Artists told to knock down ‘beach house installation’ built on roof without planning permission
PUBLISHED: 07:00 03 August 2016 | UPDATED: 08:59 03 August 2016
Hackney Council has ordered an arts organisation to knock down a “beach house” constructed on its roof last year without planning permission.
The structure – which is made out of used drinks cartons recycled into corrugated sheets – has been constructed on the Hoxton Docks artists’ studio complex Art House, in Laburnum Street, next to Haggerston Baths and the Regent’s Canal. It was to be the first of a series of “art meets architecture” houses built on top of the roof.
Ravi Patel from Hoxton Docks says the group planned a “visual artistic installation” inside the hut about “man’s relationship with the sea” for the Open House London exhibition next month. But officers from Hackney Council claim the “beach house” is in fact residential accommodation and have ordered its demolition.

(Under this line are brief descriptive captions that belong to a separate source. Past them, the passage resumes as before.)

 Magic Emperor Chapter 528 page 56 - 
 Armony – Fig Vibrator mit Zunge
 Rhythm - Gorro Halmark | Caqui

Retrospective planning permission applied for by the building’s owner Shiva Ltd was refused, and the matter is now being dealt with by the government’s Planning Inspectorate after Shiva Ltd appealed the decision.

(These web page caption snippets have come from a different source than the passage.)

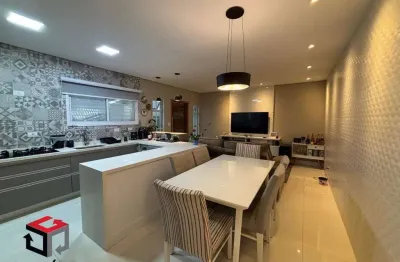 Casa à venda 2 quartos 2 suítes 3 vagas assunção - santo andré - sp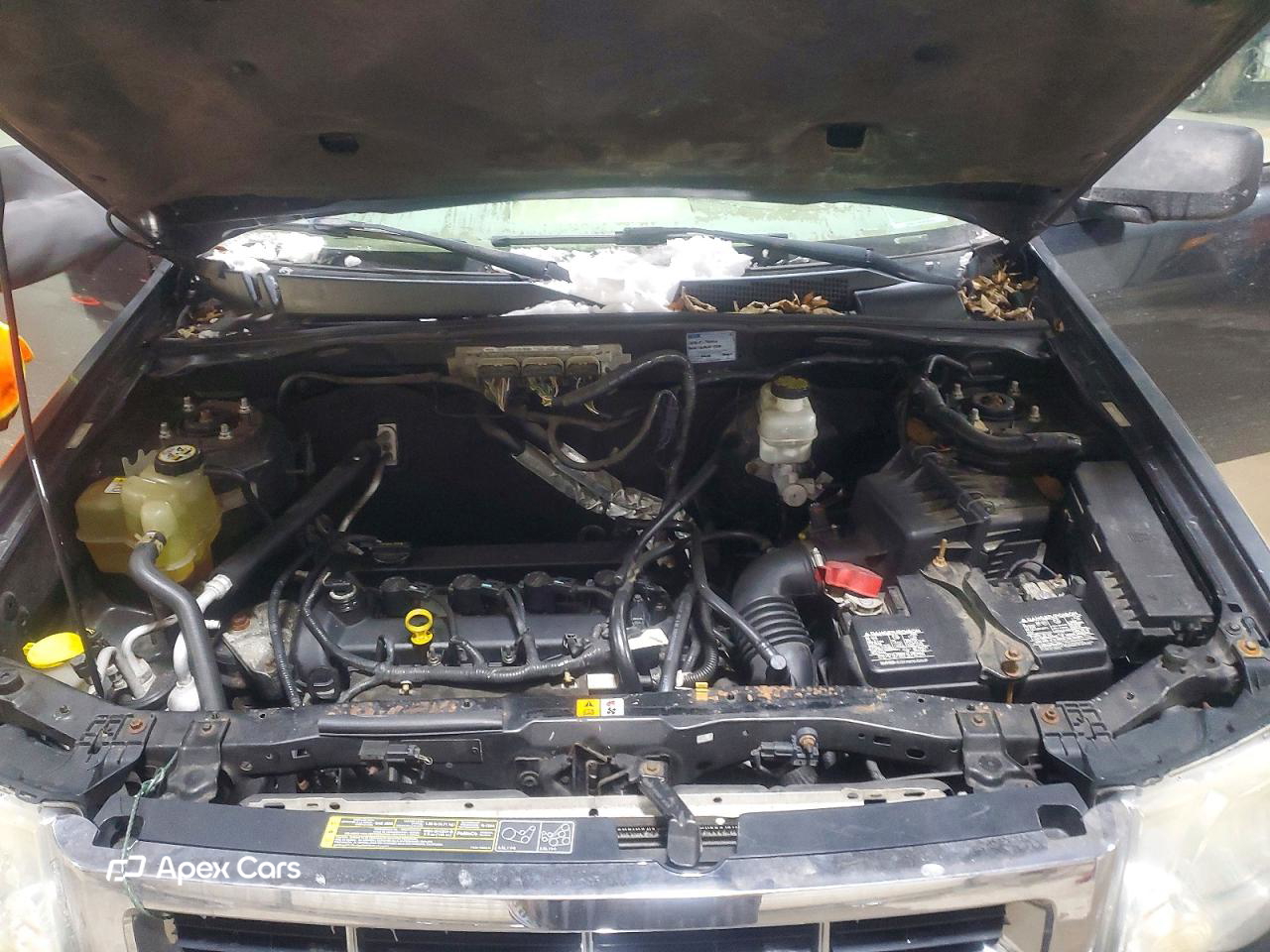 Ford Escape 2009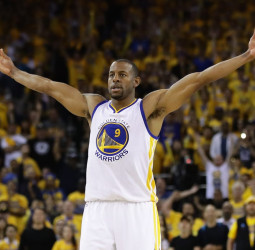 Andre Iguodala, en el punto de mira de varias franquicias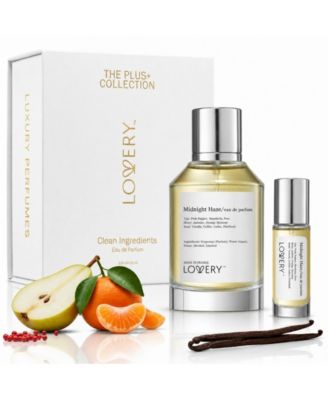 Plus Midnight Haze Eau de Parfum 2pc Gift Set - 3.4fl oz Women Perfume Gift Set with Travel Size Perfume for Women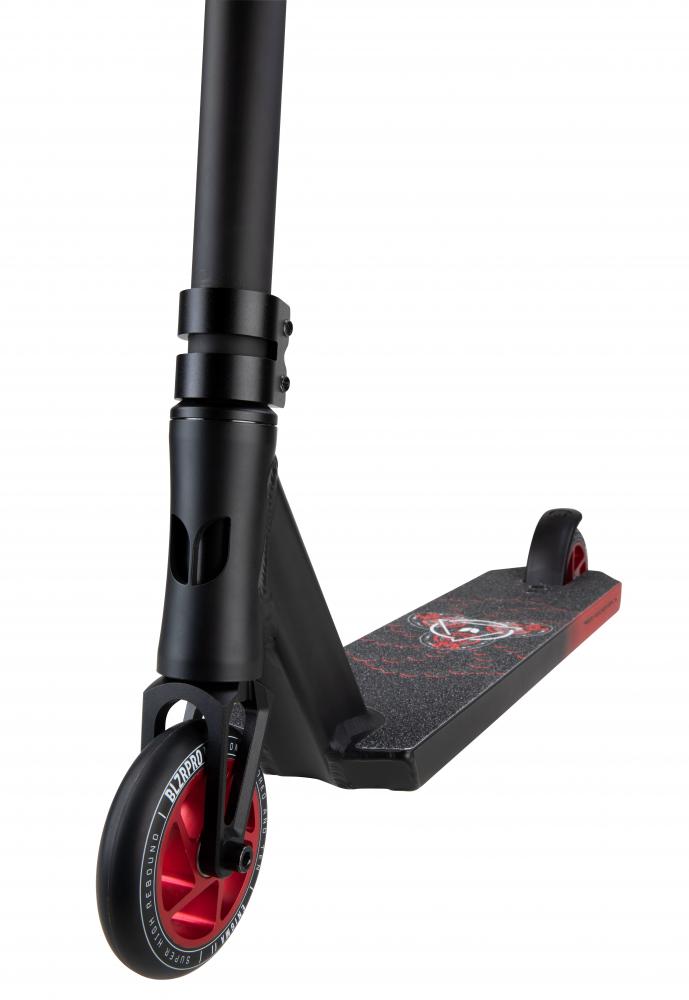 Blazer Pro Enigma 2 Complete Scooter - Black/Red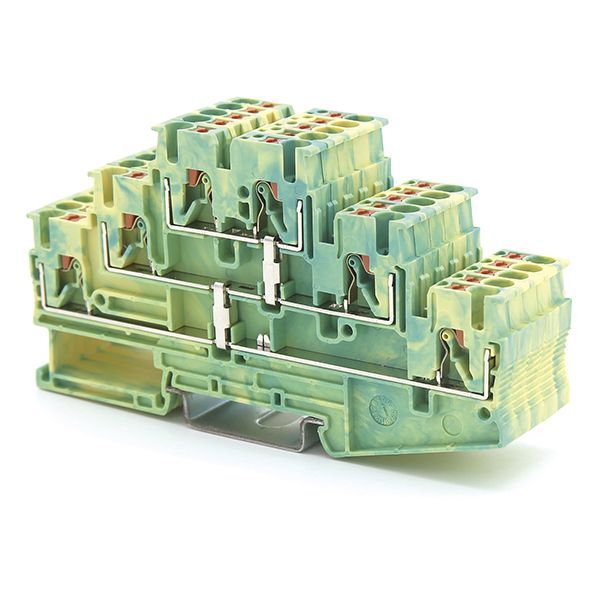 Клеммы, клеммные блоки RPV 2,5-3L-PE CHIKU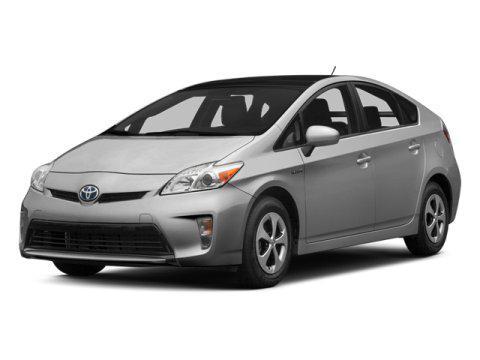 used 2014 Toyota Prius car, priced at $9,983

Mr Patel said: “We built it as a temporary structure. We weren’t under the impression we needed planning permission. The council saw it and said you need planning permission. Subsequently we made the application and everything has unfolded.
“We are trying to instigate thought in the way developers should be thinking about buildings, and that’s the situation we find ourselves in.
“The structures will be temporary, use recycled materials and have the potential for wider application in fast-build, low-cost housing – such as in refugee or disaster-relief areas.”
A council spokesman confirmed the retrospective application had been refused in November and an enforcement notice served to knock it down – which has been appealed.